1975-1980 yılları arasında üniversitede, öğrencilerimle Nişantaş'ta, Kadıköy Bahariye'de, Beşiktaş'ta mevcut yapı adalarının -teorik deney olarak yıkarak veya koruyarak- yaşayanların demografik ve sosyal özelliklerini bozmadan, aynı alan içinde aynı sayıda insanı kentsel donatıları zenginleştirerek ve kentsel konforu arttırarak nasıl yeniden yapılandırılabileceğini araştırmak üzere projeler yaptık. Yapı adalarının ada içi boşluklarını değerlendirerek parkları, oto parkları, çocuk oyun alanları, kültürel imkanları ile aynı sayıdaki insanı aynı yapı adasında daha iyi yaşatacak çok iyi projeler çıktı. Bu yapı adaları da çok sayıda "kapalı" birimden oluşan ancak kentsel ve çevresel imkanlarını kullanamayan kapalı sitelerdir aslında.

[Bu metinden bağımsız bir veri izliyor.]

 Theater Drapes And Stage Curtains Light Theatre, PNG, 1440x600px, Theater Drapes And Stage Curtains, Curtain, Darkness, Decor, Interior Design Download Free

Sonuç olarak; kent içi bir villanın kent ve kentliler için artısı eksisi neyse, kapalı sitelerinde o kadardır. Metropol ölçeğinde doku çeşitlemeleri kentin zenginliğidir. Kaldı ki bu sitelerin büyük ölçüde yaygınlaşması toplumsal açıdan imkansızdır.

Bu tür yerleşmelerin son dönemde Türkiye'de hızla yaygınlaşmasının nedeni 80'li yıllardan sonra oluşan gelir profili eğilimleri olduğu kadar Türk insanının pragmatizmine de dayanmaktadır. Söz konusu olan, sınıf atlayan, ama para ve kullanım kapasitesi itibariyle tekil villayı taşıyamayan veya taşımayı zor bulan insanların ortaklaşmış bir biçimde villa lüksünü bir site içinde ve kolay edinme realitesidir basit olarak. Bu tür yerleşmelerin Türkiye'deki ürünler bağlamında değerlendirirsek mimarisi çağdaş çizgiler taşıyanların kent için doğru, olması gereken örnekler olduğunu düşünüyorum. En tehlikeli yaklaşımlarda satış kaygısıyla, yeni zengin, sınıf atlayan bu toplumsal profilin oturmamış değerlerini saptıran çağ dışı mimari önerilerdir. "Amerikan Evleri", Türk, İtalyan, İspanyol mimarisi karışımı yutturmacalar insanların hayallerini yanlış yönlendirerek burjuva kültürünün ilk adımlarını yanlış attırmaktadır. Elbette bu çağdışı tavır tekil binalarda da vardır. Fakat bu olgu, toplu yerleşmelerde kültürel ve mimari "genosite" ölçeğine varmaktadır. Kent ve kentliliğin kültürel anlamda burjuva kültürü kalitesine ihtiyacı vardır. Ben yıllar önce kapalı yerleşmeleri "kentsel vahalar" olarak tanımlamıştım. Sonraki bir yazımda da bu yerleşmeler için "kent parçaları" dedim. Kapalı siteleri kentte varolması gereken doku parçaları olarak görüyorum. Bu yerleşmeler oturanları sosyal yaşamdan soyutlamıyor. Kimse metropolün handikaplarından sadece fizik mekanla soyutlanamaz. Ancak kendine soluklanabileceği bir aura yaratabilir. Nasıl özel otomobille kentin ulaşım sorunlarından kaçılamaz ve kentin ulaşımı çözülemezse, özel yerleşme alanlarıyla da kentin yerleşim problemleri çözülemez ve bunlardan kaçılamaz. Ancak bu bağlamda kapalı yerleşmelerin iyileri komşuluk ünitelerinin, mahalle ünitelerinin nasıl olması gerektiğini örnekleyebilirler. Ve yaşam konforunun kentin imar planından değil de işlevsel mekanlar kurgusundan oluşması gerektiğini gösterebilirler.